- **Given records**:

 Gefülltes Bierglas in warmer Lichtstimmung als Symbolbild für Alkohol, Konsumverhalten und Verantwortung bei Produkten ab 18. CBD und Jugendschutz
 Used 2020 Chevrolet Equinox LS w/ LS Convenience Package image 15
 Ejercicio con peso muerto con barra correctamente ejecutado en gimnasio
---
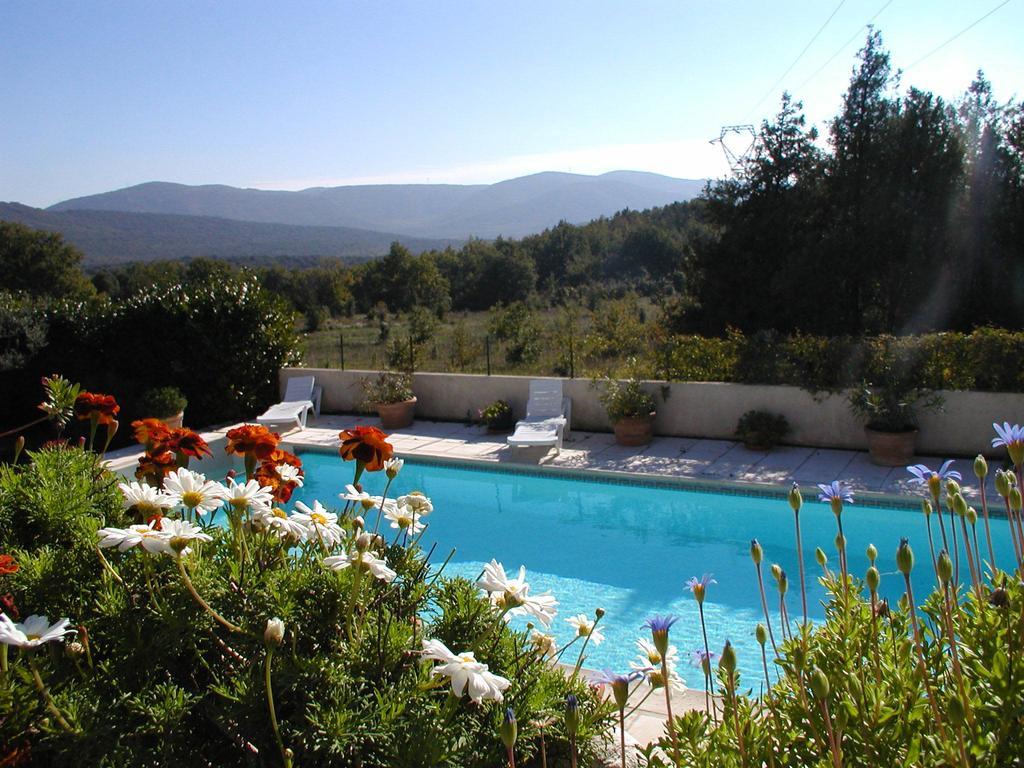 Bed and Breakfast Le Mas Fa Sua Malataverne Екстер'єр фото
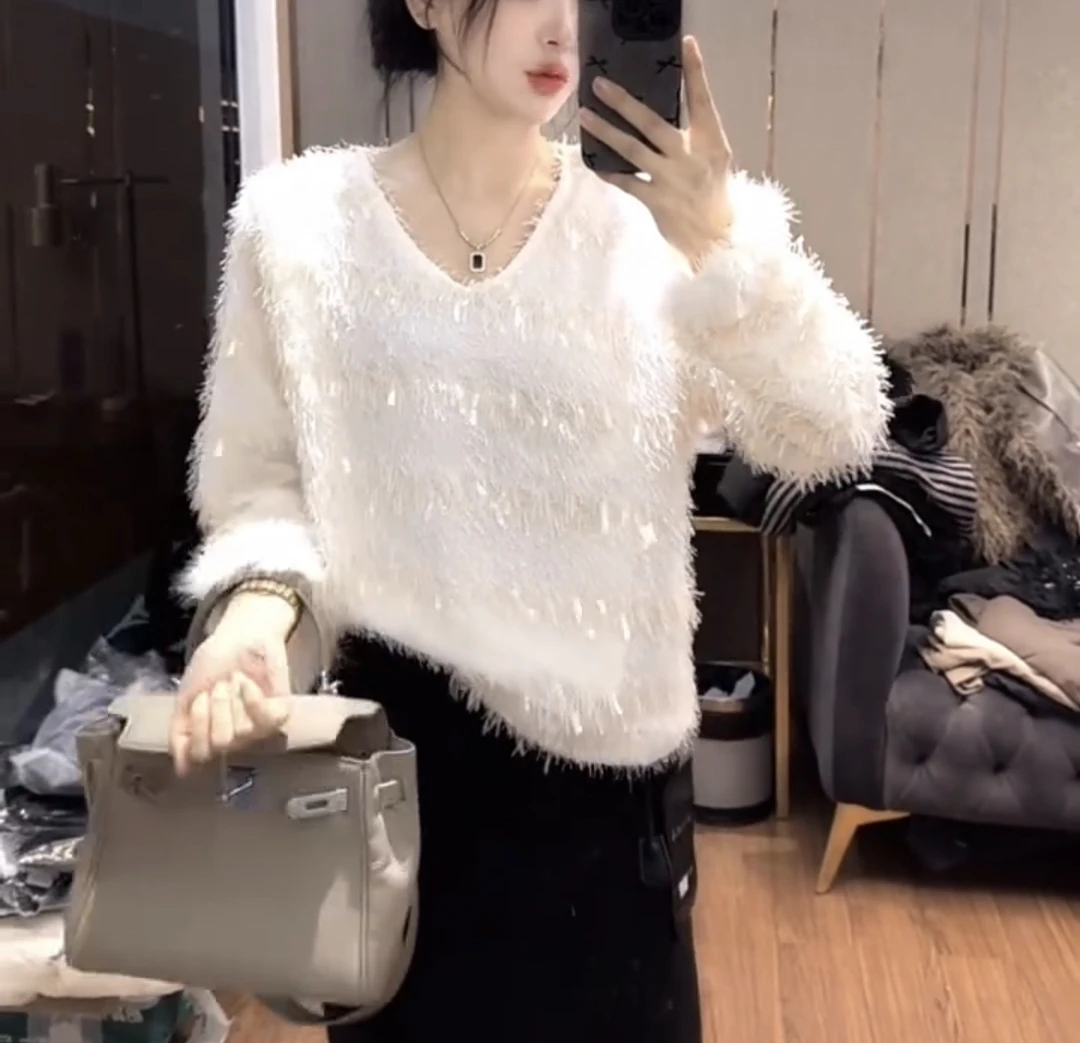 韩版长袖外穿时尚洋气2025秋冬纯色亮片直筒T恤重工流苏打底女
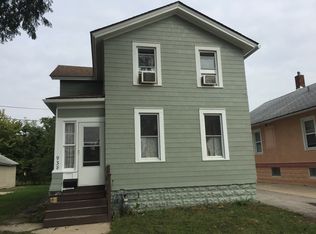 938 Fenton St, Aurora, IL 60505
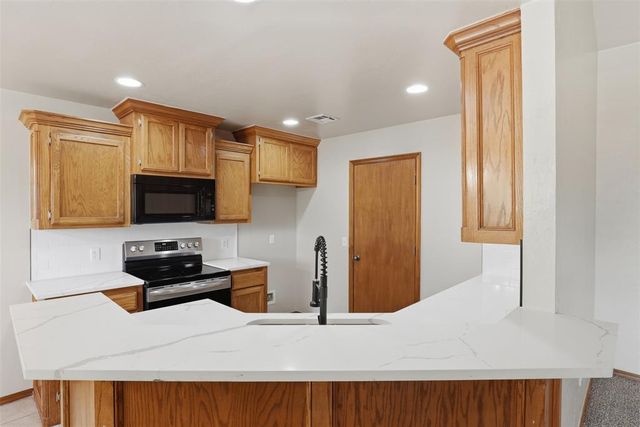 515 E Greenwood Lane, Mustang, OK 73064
...
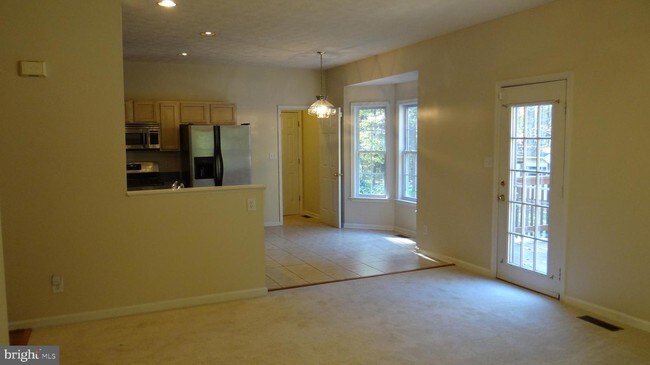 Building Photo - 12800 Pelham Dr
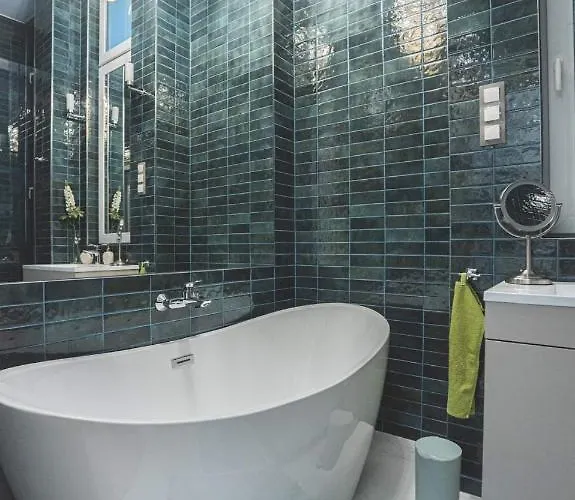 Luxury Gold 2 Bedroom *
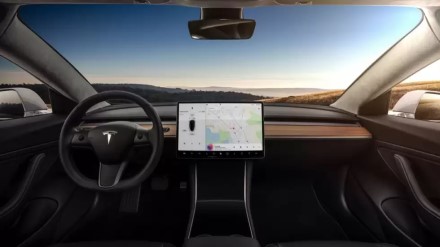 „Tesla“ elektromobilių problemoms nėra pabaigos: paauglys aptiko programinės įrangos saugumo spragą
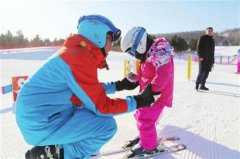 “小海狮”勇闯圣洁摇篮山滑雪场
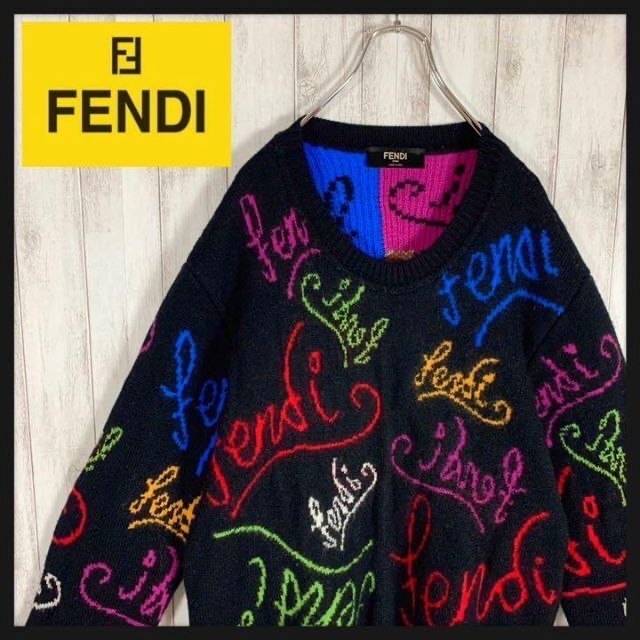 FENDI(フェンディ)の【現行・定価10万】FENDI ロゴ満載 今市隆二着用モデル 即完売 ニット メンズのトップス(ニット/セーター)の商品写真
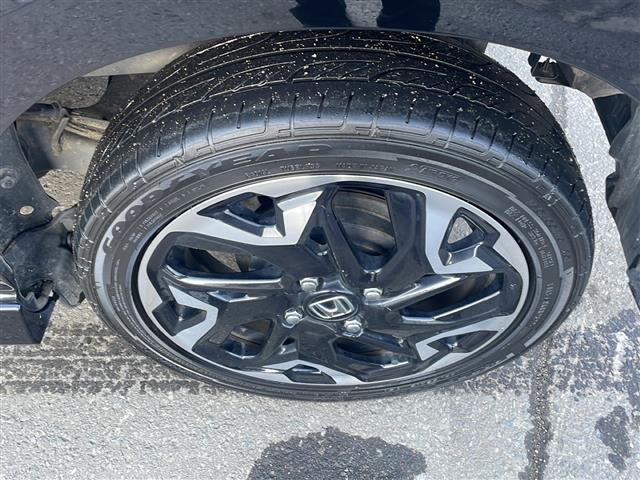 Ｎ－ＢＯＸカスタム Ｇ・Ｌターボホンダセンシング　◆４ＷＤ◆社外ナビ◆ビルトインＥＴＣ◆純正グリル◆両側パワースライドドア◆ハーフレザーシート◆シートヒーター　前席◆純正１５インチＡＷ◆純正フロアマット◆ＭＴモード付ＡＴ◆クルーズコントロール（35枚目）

- **Task**:
In the listing above, locate the line with "Gefülltes Bierglas in" and the line with "Ejercicio con peso", then extract exactly those lines and every line between them, and nothing more.

- **Answer to the exercise**:
 Gefülltes Bierglas in warmer Lichtstimmung als Symbolbild für Alkohol, Konsumverhalten und Verantwortung bei Produkten ab 18. CBD und Jugendschutz
 Used 2020 Chevrolet Equinox LS w/ LS Convenience Package image 15
 Ejercicio con peso muerto con barra correctamente ejecutado en gimnasio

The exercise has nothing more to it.